The hamster produced humanin by the single nucleotide polymorphism (SNP) variant to clean up amyloid beta from the brains of APOE4 lab mice.
“This new study sheds light on resilience genes that help people live longer and partially explains why some people at high risk for developing Alzheimer’s disease are spared,” said senior study author Dr. Pinchas Cohen, dean of the (USC) Leonard Davis School of Gerontology.
Researchers in the scientific community have discovered a gene variant corresponding to increased humanin levels, the humanin-P3S type.
The researchers’ team says this type is believed to be very rare and marks people of Ashkenazi Jewish origin, especially.

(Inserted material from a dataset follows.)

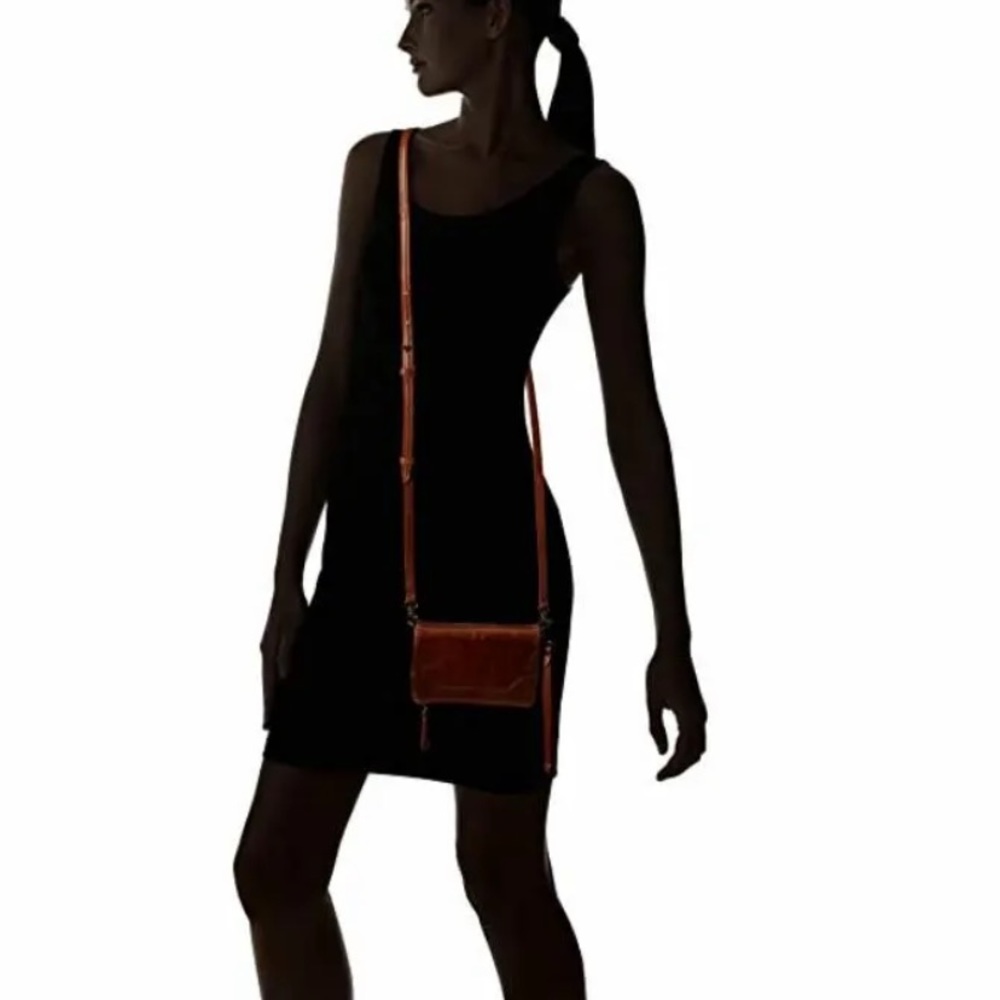FRYE Melissa Stadium Cognac Brown Leather Foldover Crossbody Shoulder Bag NWT - Picture 2 of 9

Therapeutic Potential of Humanin
In view of that, humanin, the power producer of cells which is located in mitochondria, inhibits cell aging and stress process according to a 2023 research presented in the journal Biology.
This molecule has been discovered to prevent the Brain from the cerebral infirmity and can diminish inflammation and stress, the review claims. It also positively affects sugar metabolism and dysfunctional insulin response, one of the major disorders that type 2 diabetes causes.
In the new researches, more than 500 of healthy centenarians and near-centenarians as well as their children were studied by the researchers.
They were able to determine a P3S variant prevalence rate of 12% of Ashkenazi centenarians and less than 0.2% of the general population.
Brain function tests among centenarians who were carriers of the APOE4 gene and those who were also carriers of the PS3-humanin gene revealed that the latter group had higher scores than the former one, pointing to the fact that the humanin variant prevented a degradation of this group’s cognitive abilities.
From 40% to 60% of the patients diagnosed with Alzheimer’s have the APOE4 gene, the Alzheimer’s Association revealed.
Next, researchers were directed to mice genetically engineered to provide a humanized APOE4 gene. They found that in mice whose brains were depleted with amyloid beta, treatment with humanin produced by the PS3 gene greatly lowered the beta indices in these brains.
It was learned that the standard humanin therapies did diminish beta amyloid one but the effect was more powerful with the genetic form of humanin than standard humanin.
Future Directions and Research Implications
Amyloid-beta plaques feature prominently in Alzheimer’s care.
Researchers observed that humanin from PS3 is more capable of binding to APOE4; this is what they think.
“This humanin P3S, when made by mitochondria, actually binds the protein product of APOE4 very tightly. This seems to help clear away harmful amyloid-beta, which builds up in the brains of people with Alzheimer’s,” said lead researcher Brendan Miller, a postdoctoral scientist at the Salk Institute for Biological Studies.
“Our experiments showed that this protein variant could be a reason why some people with the risk-gene avoid Alzheimer’s and maintain good brain health into old age,” Miller added in a USC news release, as reported by Reuters.
Humanin, discovered by following stem cells driven to help, will be important in the development of Alzheimer’s drugs that target APOE4, according to Cohen. Humanin may also be used to help people combat other diseases related to aging.